### [DATA EXTRACT]
= Beginning of Section =

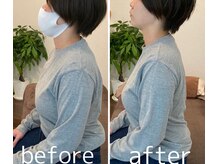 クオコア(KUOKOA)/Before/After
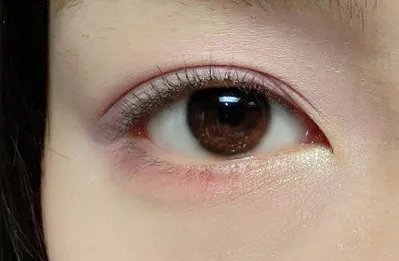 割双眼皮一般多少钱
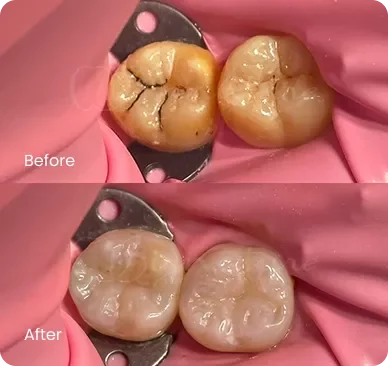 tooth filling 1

= End of Section =
= Beginning of Section =

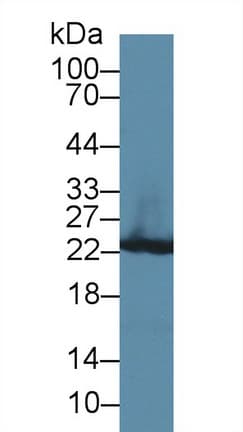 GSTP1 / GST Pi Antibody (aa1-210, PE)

= End of Section =

### [ACTIVITY]
Your answer must be the exact lines from the records above, from the one containing "クオコア(KUOKOA)/Before/After" through the one containing "tooth filling 1", both included, with every picture left out.

### [RESPONSE TO THE EXERCISE]
 クオコア(KUOKOA)/Before/After
 割双眼皮一般多少钱
 tooth filling 1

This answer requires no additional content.